→ **Data extract**
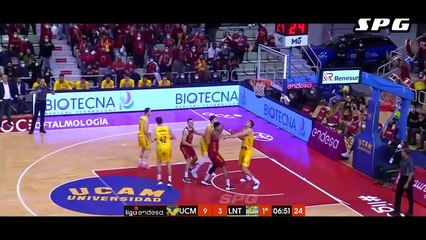 Isaiah Taylor BEST Highlights from 2021-22 Season - UCAM Murcia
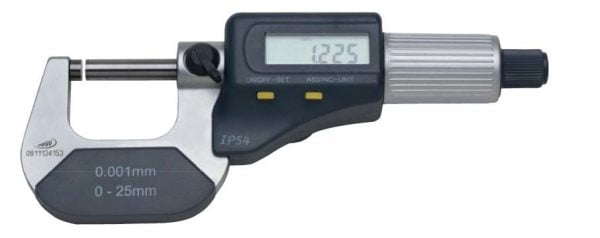Micrometru de exterior cu accesorii 0 - 2000 mm - Helios Preisser Model 0819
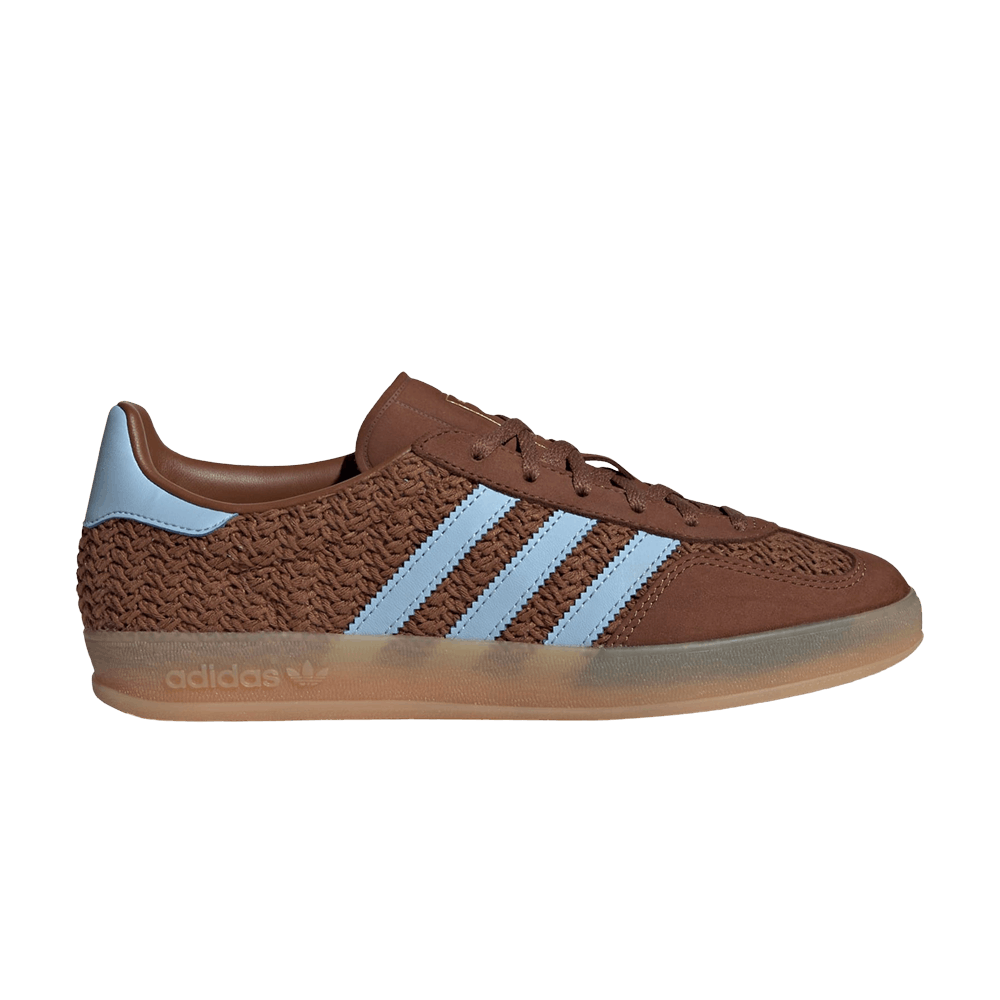 adidas Gazelle Indoor Preloved Brown Clear Sky Gum (Femme)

→ **Activity**
Please return the whole listing exactly. Do not copy its images.

→ **Answer to this exercise**
 Isaiah Taylor BEST Highlights from 2021-22 Season - UCAM Murcia
Micrometru de exterior cu accesorii 0 - 2000 mm - Helios Preisser Model 0819
 adidas Gazelle Indoor Preloved Brown Clear Sky Gum (Femme)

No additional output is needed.